4th Mo Co E, Prairie Grove, AR Dec 2 & 3, 2006

Editor's note - The weather was very bad this weekend, so Colonel Brad Amend called off the 1st Missouri Battalion's involvement. The 4th's Captain Daniel Keith in turned called off it's offical involvement. Privates Charles, Greg Gentry, and Jim Bearden braved the roads. Below is Charles Gentry's and Jim Bearden's after action report after a very long delay.

AAR Prairie Grove 2006

Due to the snow and ice storms, our travel was delayed and we were not able to support our brothers in arms until Sunday morning. By sunrise, we reached camp and was assigned to a unit from Texas. Time was taken to worship the Lord God and warm our hearts, though our hands and feet be cold. Food was shared, the campsite broken down, and we were on the march to engage the enemy. Greg and I, Charles Gentry, as far as we knew, were the only ones from the 4th Missouri. As the cold wind blew and the snow began to melt into our shoes, we pressed forward and fought in the battle.

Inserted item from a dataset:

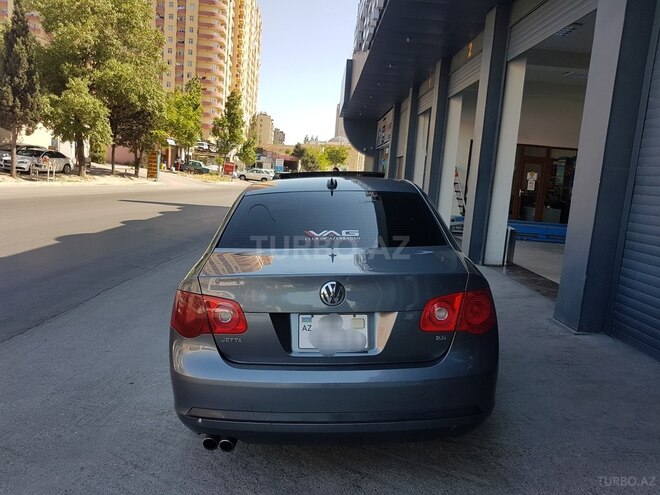 Volkswagen Jetta 2005, 167,000 km - 2.5 l - Bakı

Crisp loud reports of cannon fire would answer the enemy artillery while frosted breath cavalry horses would charge on the enemy flanks. We pushed them back and across the valley, but paid the price with the loss of some of our brothers in arms.

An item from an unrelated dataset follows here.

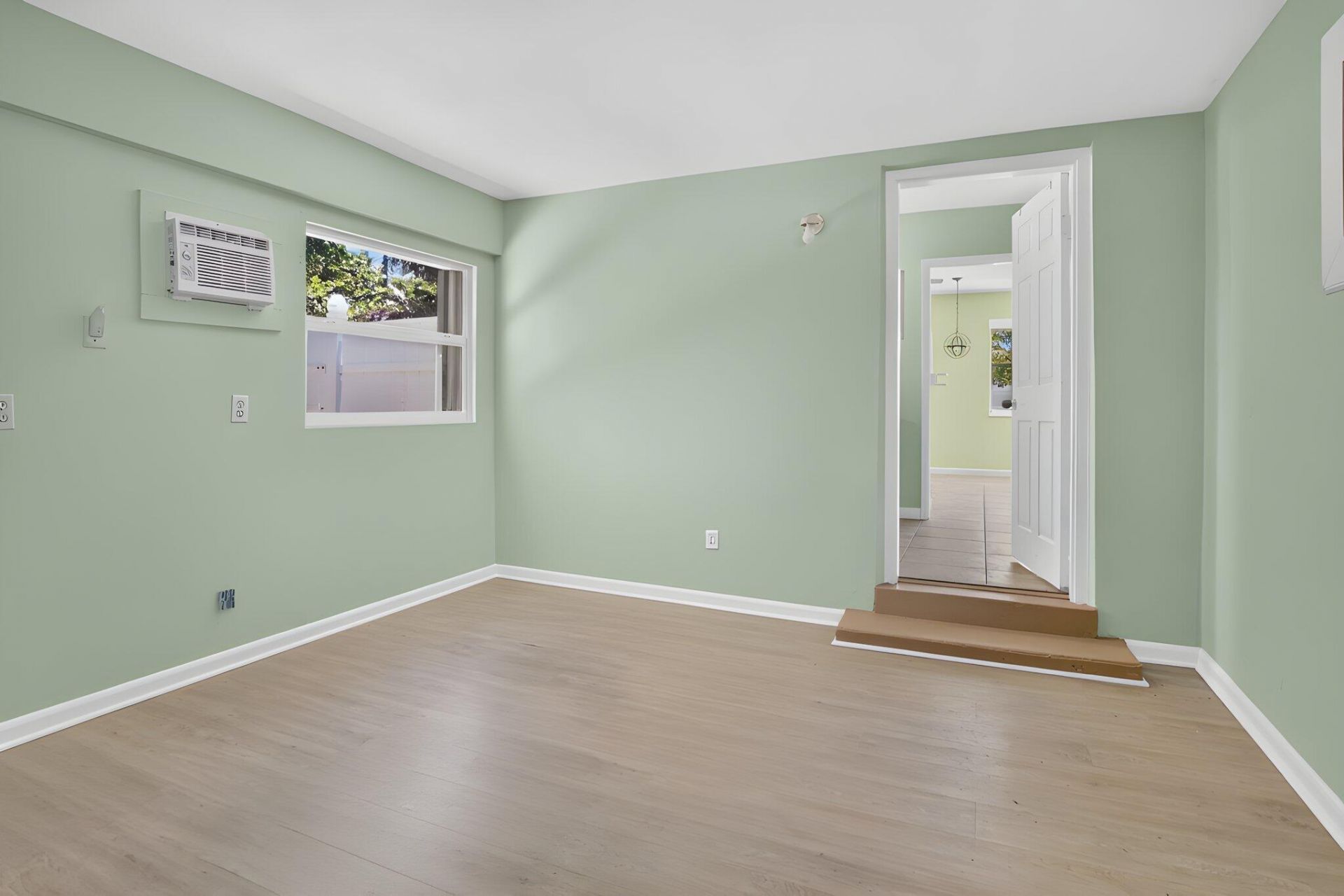 2110 NE 4th Avenue, Boca Raton, FL 33431 Photo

After the battle, time was taken to gather the wounded and dead and a moment of silence to honor those that gave so much.

With the enemey with drawing, orders were given to break camp and move out.

Private Charles Gentry



it was a difficult journey to Prairie Grove in 2006.  The storm was in full fury and the snow and sleet was a flying.  At times consideration was given to turning back.  These thoughts passed as I knew my fellow soldiers would need all the rifles available to turn back the northern horde.  It was quite a surprise to arrive and find that only a few of the Missouri Battalion had endured the hazards of the trip and made it to Prairie Grove.  Seeing the conditions of the camp and knowing how cold it would be a more comfortable sleeping location was sought among the local townsfolk.  Quarters were found and the warm bed was much appreciated over the cold ground.  Saturday morning the few Missouri troops were folded in with the Arkansas Battalion under the command of Colonel Sanders.  Our position was strong and the federals would have to come up a steep snow covered hill to attack.  Later that day the federals attempted to do just that and were sounded defeated.  The remaining part of the day was spent gathering wood and preparing food for a warm meal.  That night the warm bed in town was again a welcome change for this soldier.  The next morning, Sunday activity was noted in the federal lines.  Somehow the federals had brought up more troops during the night.  Their numbers had increased considerable and concern went up and down the line about having enough ammo.  The federals eventually attacked and despite the snow covered hill and our valiant efforts, they pushed us back.  Had we had enough ammo we might have held, but seeing our ability to continue keeping up a steady fire our officers ordered us to withdraw.  The thought of giving ground to those yanks was not near as upsetting as the thought of losing that warm bed for more cold nights. 

Private Jim Bearden

The good.  Shooting yanks despite the cold.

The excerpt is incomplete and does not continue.